NBIA NEWS & INFORMATION

NBIA Disorders Association awards $45,000 for FAHN research in March

June 2020

The NBIA Disorders Association has awarded a $45,000 research grant to a team of German scientists studying stem cells in patients with the NBIA disorder known as FAHN.

Led by Dr. Andreas Hermann, along with Drs. Moritz Frech and Jiankai Luo of the University Medical Center Rostock, the team will create a model of FAHN, or Fatty Acid Hydroxylase-associated Neurodegeneration, in the lab, along with stem cells to better understand how the disease works. With that understanding, the researchers can advance to testing potential therapies to see whether they can reverse FAHN’s effects.

The team plans to create a supply of patient-specific induced pluripotent stem cells, which have the capacity to become any cell in the body. They can also self-renew, meaning that they divide and produce more stem cells.

To develop these stem cells in the lab, cells will be taken from the connective tissue of FAHN patients. Researchers will then use a gene-editing technology, CRISPR/Cas9, to add copies of certain genes to the cells, endowing them with a stem cell’s special characteristics. They can develop into central nervous system cells that may be affected by FAHN.

The researchers will team up with Dr. Sunita Venkateswaran, an assistant professor and pediatric neurologist at the University of Ottawa. She is well established in the field of NBIA and will collaborate with the team on the research.

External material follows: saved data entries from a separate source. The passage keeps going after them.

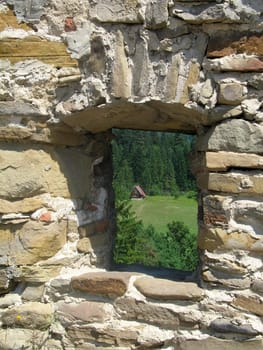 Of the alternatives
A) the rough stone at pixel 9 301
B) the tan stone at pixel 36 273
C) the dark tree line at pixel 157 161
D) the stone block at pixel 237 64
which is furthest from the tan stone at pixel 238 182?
the dark tree line at pixel 157 161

The project is called "In vitro disease modeling of Fatty Acid Hydroxylase-associated Neurodegeneration (FAHN): Patient specific induced pluripotent stem cells and their neuronal derivatives as human models of FAHN.” It is being funded from March 1, 2020, through Feb. 28, 2021.

 

OHSU reports on plans to launch CoA-Z trial with help from grant

OHSU logoNovember 2019

NBIA researchers Drs. Susan Hayflick and Penny Hogarth recently announced that, thanks to added help from a federal grant, they will soon launch a clinical trial to test a compound, CoA-Z, in individuals with PKAN, a common form of NBIA.

The grant is from the Eunice Kennedy Shriver National Institute of Child Health and Human Development, part of the National Institutes of Health.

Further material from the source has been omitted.